> _WHAT YOU ARE ASKED TO DO_: Taking only the lines of the data below from the line with "Tower of Dawn" to the line with "Volkswagen Tiguan 2.0", ends included, write them out exactly and without pictures.

> _GIVEN RECORDS_:
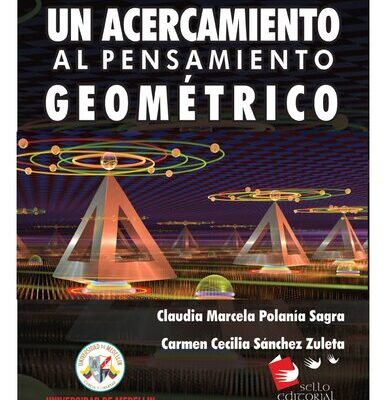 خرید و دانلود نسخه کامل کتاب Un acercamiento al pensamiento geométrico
...
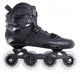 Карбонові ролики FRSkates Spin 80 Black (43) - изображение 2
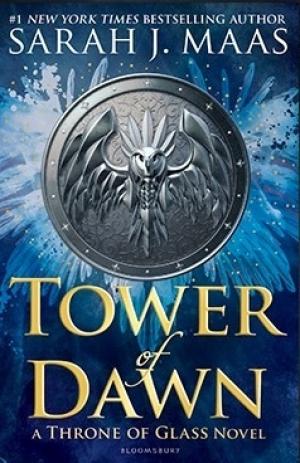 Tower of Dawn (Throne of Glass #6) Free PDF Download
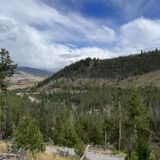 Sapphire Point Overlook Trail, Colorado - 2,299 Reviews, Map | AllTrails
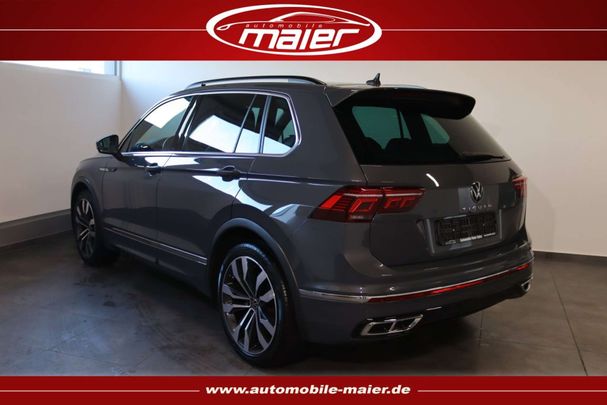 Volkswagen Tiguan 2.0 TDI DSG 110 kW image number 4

> _EXPECTED ANSWER_:
 Tower of Dawn (Throne of Glass #6) Free PDF Download
 Sapphire Point Overlook Trail, Colorado - 2,299 Reviews, Map | AllTrails
 Volkswagen Tiguan 2.0 TDI DSG 110 kW image number 4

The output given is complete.